Ja Morant Goes Where He Wants

Photo by Justin Ford/Getty Images

NBA players love to tell their opponents how unguardable they are. It's easy to understand why. The whole idea of defense is to prevent the guy with the ball from putting the ball through the hoop, and there is no simpler way for the guy with the ball to explain that his defender is incapable of stopping him from doing just that than to look the defender in the eye and say, "You can't guard me." It's a demoralizing taunt that leaves little room for an effective retort, because the box score is always going to reveal the truth.

"You can't guard me" means different things when said by different people, though. When Kevin Durant says it, it might mean that the player who is defending him is simply too short to bother Durant's jump shot. When Joel Embiid says it, it might mean that the guy trying to defend him in the post just isn't strong enough to keep himself from getting backed under the rim. When Russell Westbrook says it, it means that Russell Westbrook is lying. There are a lot of great scorers and trash talkers in the NBA, but I don't think anyone has a more justified claim to the "You can't guard me!" taunt than Ja Morant, who is unguardable in the purest sense of the term.

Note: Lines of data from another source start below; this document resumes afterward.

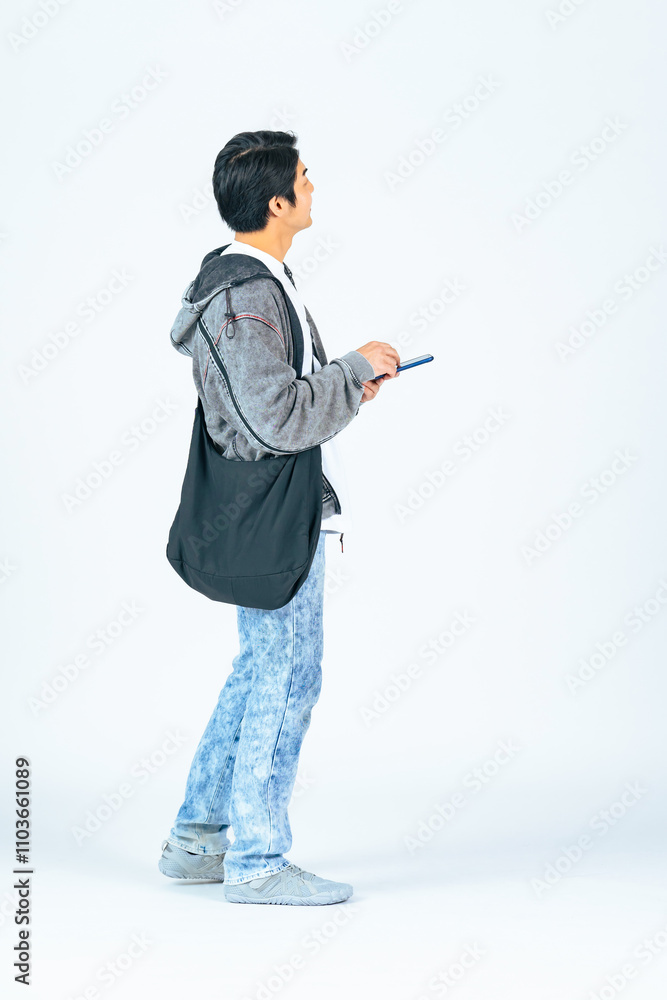 Aufkleber スマホ、スマートフォン、旅行、地図、男性、歩く、歩行者、観光、観光客、GPS、アプリ、道案内、ナビゲーション、見学、SNS、聖地巡礼、モバイル、DX、デジタル、データ、日本人、カジュアル、散歩、旅行者、探す、見る、学生、若い、観客、通学、メール、検索、クーポン、ポイント、ファッション、ポートレート、ショッピング、買い物、インターネット、オンライン、写真、広告、切り抜き、白バック、全身、コピースペー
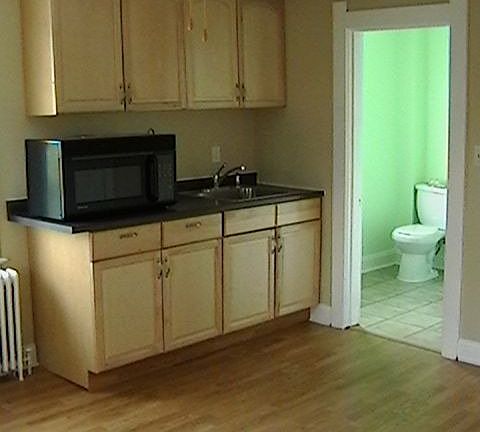 left upper unit kitchenette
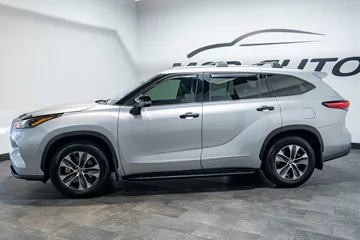 2022 Toyota Highlander XLE thumbnail
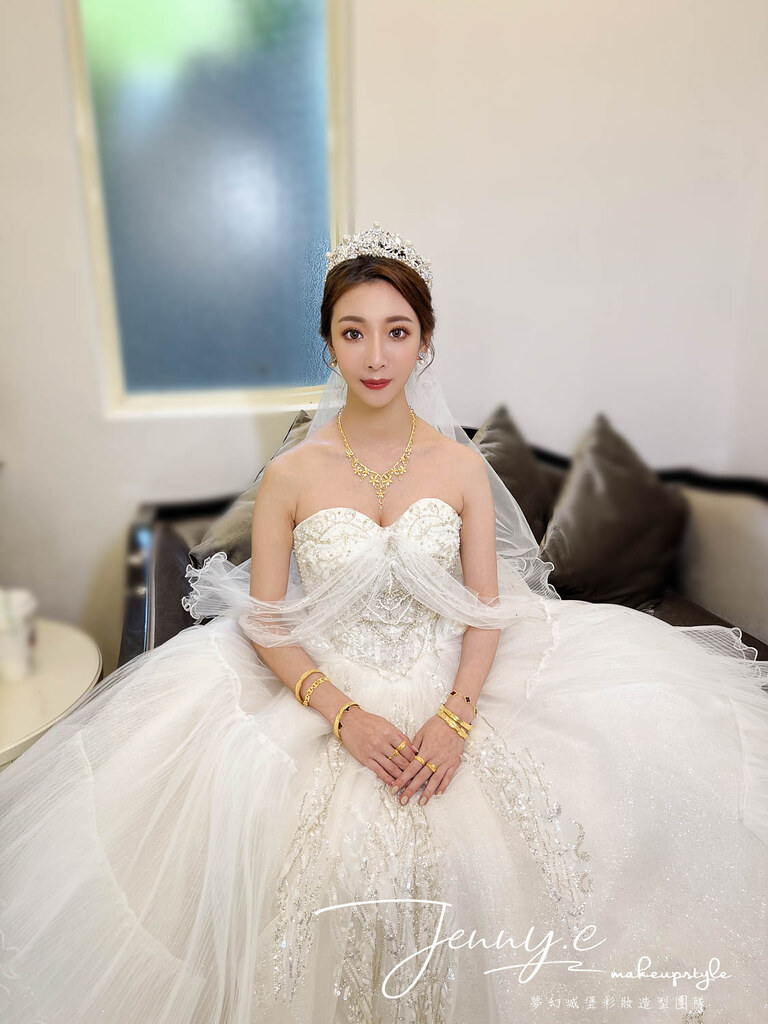 【新秘蓁妮】bride 梓伃 結婚造型 / 韓系甜美,華麗公主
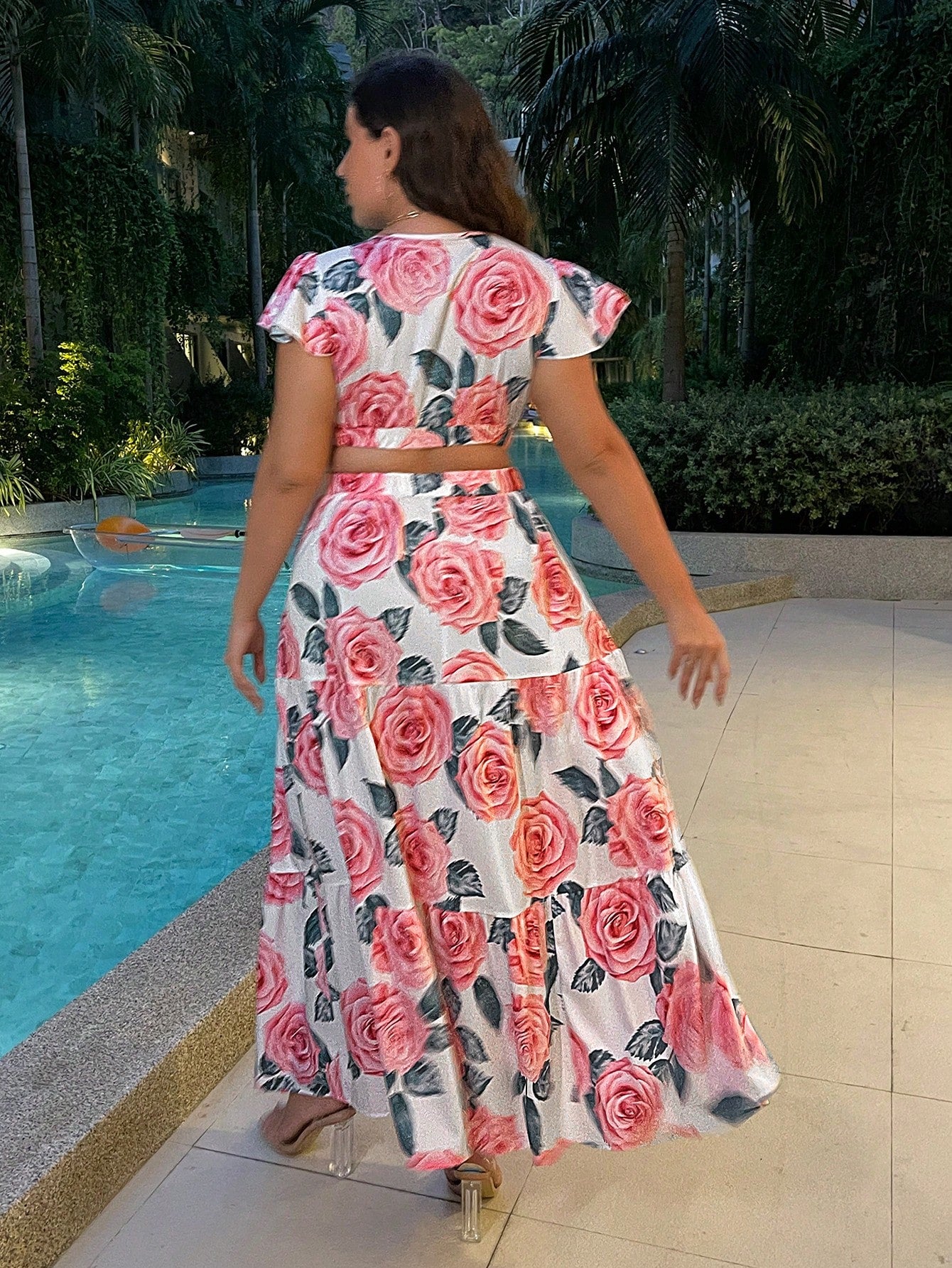 Plus Floral Print Butterfly Sleeve Crop Top Ruffle Hem Skirt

Morant has spent a lot of time telling opponents that they can't guard him during the first two games of his team's second-round series against the Warriors. He's had good reason to do so, as he scored 34 points in a Game 1 loss and 47 points in a Game 2 win. In Game 2, Morant scored his team's final 15 points and did so while facing a defense totally focused on trying to stop him. Morant is not the kind of player who can undo a defense with unlimited shooting range, nor does he possess the brawn one needs to outmuscle multiple defenders and get to the rim. What he does have is quickness, a whole goddamn lot of it, and it's that speed that allows him to continue scoring even when there are five opponents on the floor all set on preventing him from doing just that.

This, to me, is what makes Morant the most purely unguardable player in the league. There's no gimmick, or reliance on size and strength. There's just one guy getting to a spot much faster than anyone else can, and then the next spot, and the next one, and so on until the ball is falling through the net and the defenders are trying to figure out what exactly just happened. What else is there to say about a guy who moves like that, other than, "They can't guard him."